Sie stellten viele Fragen und forderten, dass auch die Leiharbeiter die Aufstockung bekommen sollen. Des Weiteren forderten sie, dass es nicht geht, dass Kollegen mit vielen Stunden erst ihre Überstunden abbauen müssen, bevor sie Kurzarbeitergeld bekommen. Damit stellten sie die Einheit mit den ebenfalls betroffenen Stammwerkern her. Als Drittes forderten sie, dass der Konzern nicht seine Absatzeinbrüche auf die Belegschaft abwälzen soll.
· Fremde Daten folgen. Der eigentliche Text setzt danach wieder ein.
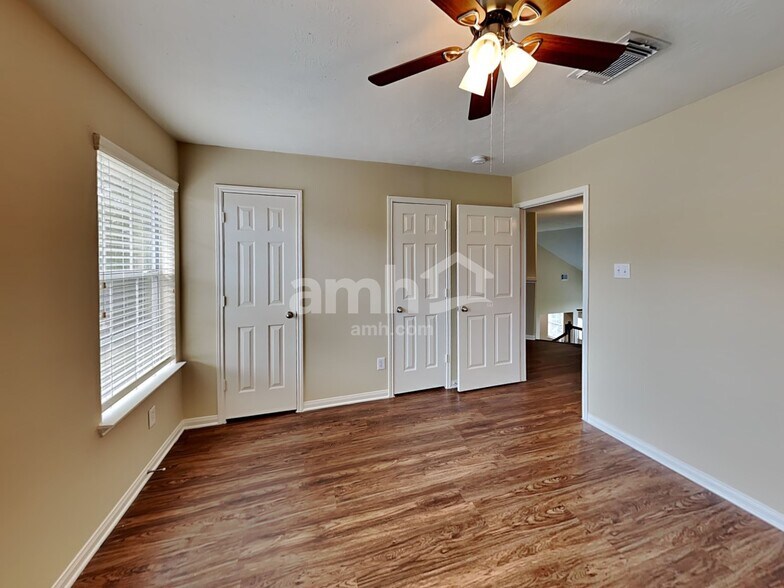 Building Photo - 4919 Chase Wick Dr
"So soll Gewerkschaftsarbeit sein"

Natürlich gab es auch viel Unsicherheit und Gegenargumente, mit denen man sich auseinandersetzen musste. Aber genau das brachte Klarheit und Kraft. Resümee eines Leiharbeits-Kollegen: "So soll die Gewerkschaftsarbeit sein: Im entscheidenden Moment nicht einknicken, sondern auf den Tisch hauen." Es waren immerhin 23 Minuten, die diese Aktion mit mindestens sieben Kollegen dauerte. Der Betriebsrat nahm die Forderungen mit. Die Mannschaft geht davon aus, dass dieses Signal die Chefetage an ihren wunden Punkten trifft: Dem Profit und dem Image.